- Input records:
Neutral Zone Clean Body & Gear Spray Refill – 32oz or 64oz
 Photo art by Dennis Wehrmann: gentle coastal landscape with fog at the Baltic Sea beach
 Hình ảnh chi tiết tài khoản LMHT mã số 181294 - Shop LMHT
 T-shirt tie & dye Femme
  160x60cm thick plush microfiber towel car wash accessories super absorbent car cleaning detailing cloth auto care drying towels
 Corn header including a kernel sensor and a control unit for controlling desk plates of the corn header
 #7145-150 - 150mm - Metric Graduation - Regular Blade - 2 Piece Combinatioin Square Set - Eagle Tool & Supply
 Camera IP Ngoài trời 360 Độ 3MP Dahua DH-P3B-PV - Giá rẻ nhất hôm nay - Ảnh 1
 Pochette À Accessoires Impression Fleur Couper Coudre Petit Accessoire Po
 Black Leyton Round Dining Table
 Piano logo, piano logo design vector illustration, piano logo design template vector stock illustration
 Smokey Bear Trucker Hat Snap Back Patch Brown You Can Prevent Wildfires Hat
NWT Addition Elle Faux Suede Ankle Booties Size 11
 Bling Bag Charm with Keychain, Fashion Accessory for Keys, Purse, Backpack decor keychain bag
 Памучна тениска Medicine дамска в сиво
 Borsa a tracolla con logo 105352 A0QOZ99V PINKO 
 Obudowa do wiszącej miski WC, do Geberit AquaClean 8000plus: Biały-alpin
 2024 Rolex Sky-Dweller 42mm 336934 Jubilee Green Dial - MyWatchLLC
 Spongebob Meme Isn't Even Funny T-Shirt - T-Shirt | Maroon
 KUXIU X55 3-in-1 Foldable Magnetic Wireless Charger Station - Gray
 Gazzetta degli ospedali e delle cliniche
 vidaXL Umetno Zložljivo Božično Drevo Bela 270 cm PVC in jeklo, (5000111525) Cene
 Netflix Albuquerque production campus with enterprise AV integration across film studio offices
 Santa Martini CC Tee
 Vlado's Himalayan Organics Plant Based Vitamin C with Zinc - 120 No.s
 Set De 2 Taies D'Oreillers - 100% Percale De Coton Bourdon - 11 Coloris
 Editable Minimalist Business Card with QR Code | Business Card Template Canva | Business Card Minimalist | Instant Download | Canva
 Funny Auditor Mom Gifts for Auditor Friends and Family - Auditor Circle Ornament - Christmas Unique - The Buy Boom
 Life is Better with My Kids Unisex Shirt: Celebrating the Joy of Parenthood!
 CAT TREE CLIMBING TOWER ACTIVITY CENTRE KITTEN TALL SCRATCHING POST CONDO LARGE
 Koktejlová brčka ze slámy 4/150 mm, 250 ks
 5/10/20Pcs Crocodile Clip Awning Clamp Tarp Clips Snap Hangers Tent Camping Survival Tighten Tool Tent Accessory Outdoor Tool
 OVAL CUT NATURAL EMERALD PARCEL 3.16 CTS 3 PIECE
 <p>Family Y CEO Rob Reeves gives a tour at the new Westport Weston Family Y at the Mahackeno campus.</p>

- Problem statement:
The full listing above should be returned exactly as supplied.

- Result below:
Neutral Zone Clean Body & Gear Spray Refill – 32oz or 64oz
 Photo art by Dennis Wehrmann: gentle coastal landscape with fog at the Baltic Sea beach
 Hình ảnh chi tiết tài khoản LMHT mã số 181294 - Shop LMHT
 T-shirt tie & dye Femme
  160x60cm thick plush microfiber towel car wash accessories super absorbent car cleaning detailing cloth auto care drying towels
 Corn header including a kernel sensor and a control unit for controlling desk plates of the corn header
 #7145-150 - 150mm - Metric Graduation - Regular Blade - 2 Piece Combinatioin Square Set - Eagle Tool & Supply
 Camera IP Ngoài trời 360 Độ 3MP Dahua DH-P3B-PV - Giá rẻ nhất hôm nay - Ảnh 1
 Pochette À Accessoires Impression Fleur Couper Coudre Petit Accessoire Po
 Black Leyton Round Dining Table
 Piano logo, piano logo design vector illustration, piano logo design template vector stock illustration
 Smokey Bear Trucker Hat Snap Back Patch Brown You Can Prevent Wildfires Hat
NWT Addition Elle Faux Suede Ankle Booties Size 11
 Bling Bag Charm with Keychain, Fashion Accessory for Keys, Purse, Backpack decor keychain bag
 Памучна тениска Medicine дамска в сиво
 Borsa a tracolla con logo 105352 A0QOZ99V PINKO 
 Obudowa do wiszącej miski WC, do Geberit AquaClean 8000plus: Biały-alpin
 2024 Rolex Sky-Dweller 42mm 336934 Jubilee Green Dial - MyWatchLLC
 Spongebob Meme Isn't Even Funny T-Shirt - T-Shirt | Maroon
 KUXIU X55 3-in-1 Foldable Magnetic Wireless Charger Station - Gray
 Gazzetta degli ospedali e delle cliniche
 vidaXL Umetno Zložljivo Božično Drevo Bela 270 cm PVC in jeklo, (5000111525) Cene
 Netflix Albuquerque production campus with enterprise AV integration across film studio offices
 Santa Martini CC Tee
 Vlado's Himalayan Organics Plant Based Vitamin C with Zinc - 120 No.s
 Set De 2 Taies D'Oreillers - 100% Percale De Coton Bourdon - 11 Coloris
 Editable Minimalist Business Card with QR Code | Business Card Template Canva | Business Card Minimalist | Instant Download | Canva
 Funny Auditor Mom Gifts for Auditor Friends and Family - Auditor Circle Ornament - Christmas Unique - The Buy Boom
 Life is Better with My Kids Unisex Shirt: Celebrating the Joy of Parenthood!
 CAT TREE CLIMBING TOWER ACTIVITY CENTRE KITTEN TALL SCRATCHING POST CONDO LARGE
 Koktejlová brčka ze slámy 4/150 mm, 250 ks
 5/10/20Pcs Crocodile Clip Awning Clamp Tarp Clips Snap Hangers Tent Camping Survival Tighten Tool Tent Accessory Outdoor Tool
 OVAL CUT NATURAL EMERALD PARCEL 3.16 CTS 3 PIECE
 <p>Family Y CEO Rob Reeves gives a tour at the new Westport Weston Family Y at the Mahackeno campus.</p>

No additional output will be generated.